Skip every picture, and copy exactly the lines from the one containing "trans girl Dreamydiva 8086804" to the end of the data.

Start of RECORDS SUPPLIED

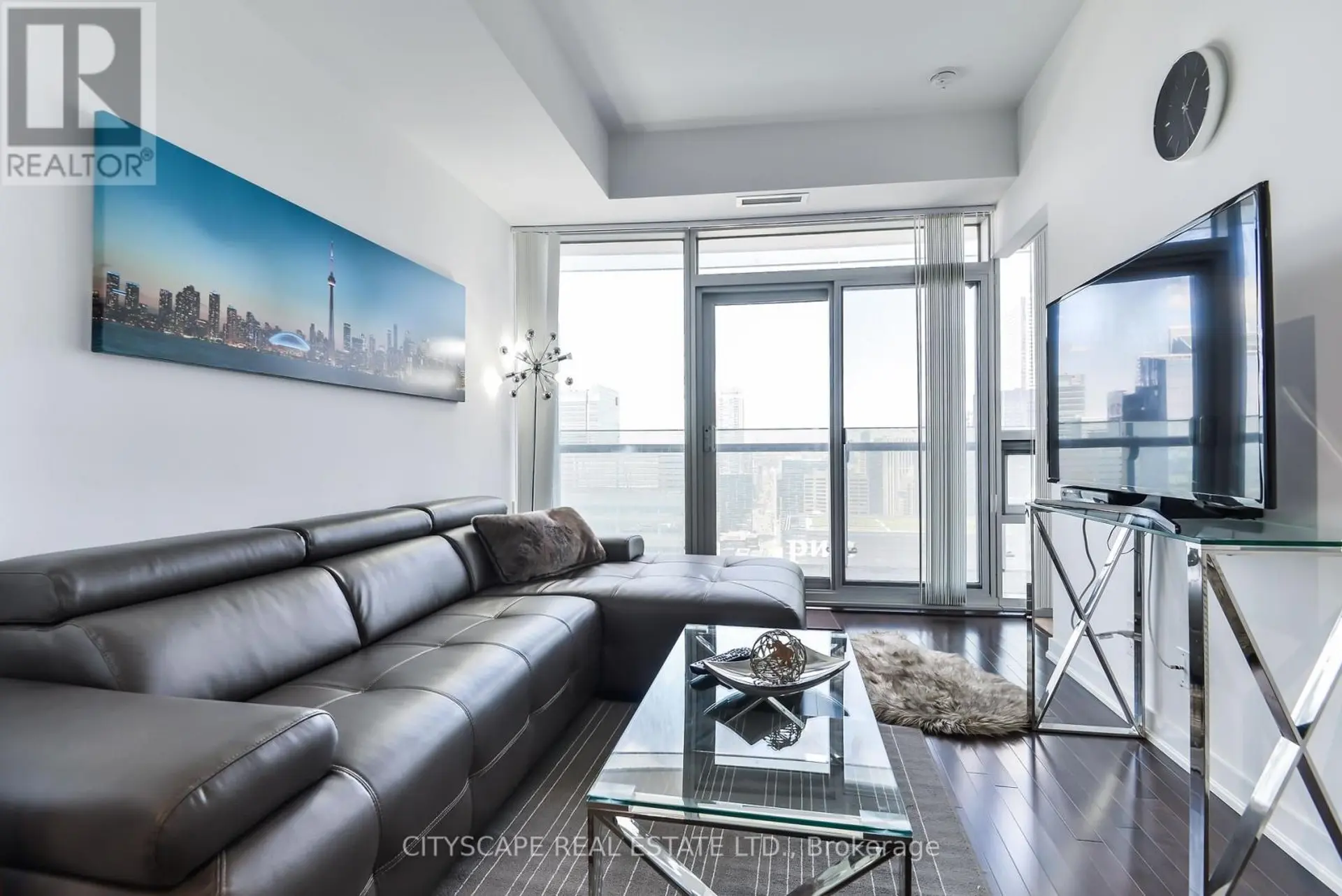 #4209 12 YORK STREET - Image 12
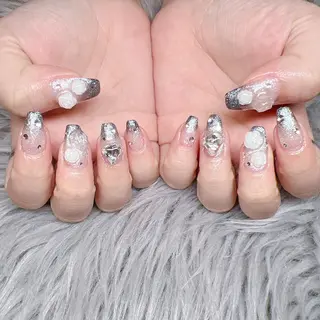 ネイル 個室ネイルサロンDolly  Girl〜ドーリーガール〜所属・DollyGirl KYOKOのネイルデザイン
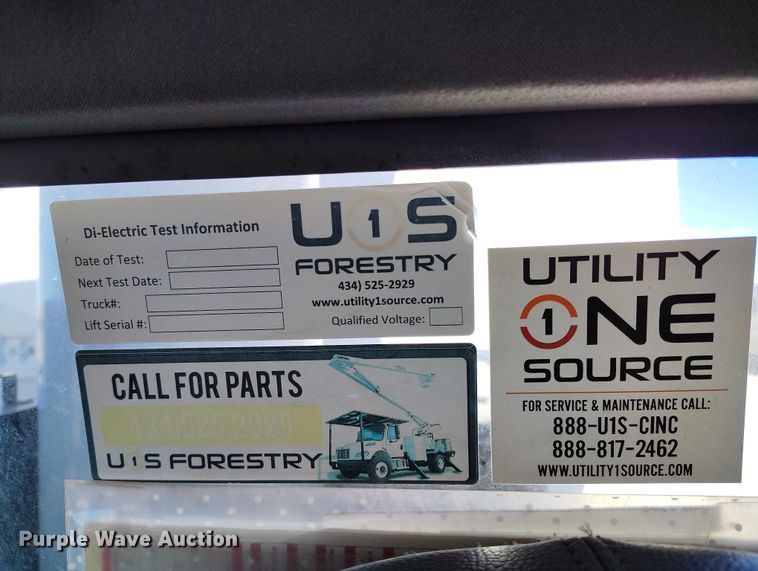 image for item YA1590 2017 Ford F750 Super Duty forestry bucket truck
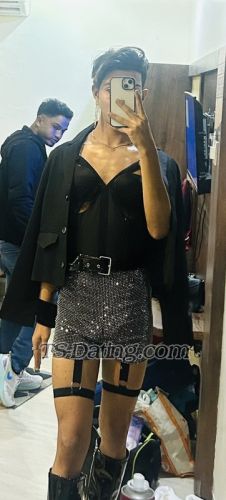 trans girl Dreamydiva 8086804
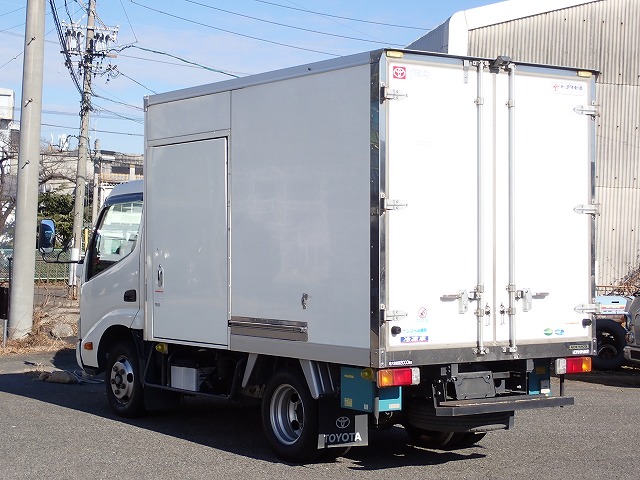 TOYOTA Dyna Truck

End of RECORDS SUPPLIED

* [ANSWER FOR THIS EXERCISE]
 trans girl Dreamydiva 8086804
 TOYOTA Dyna Truck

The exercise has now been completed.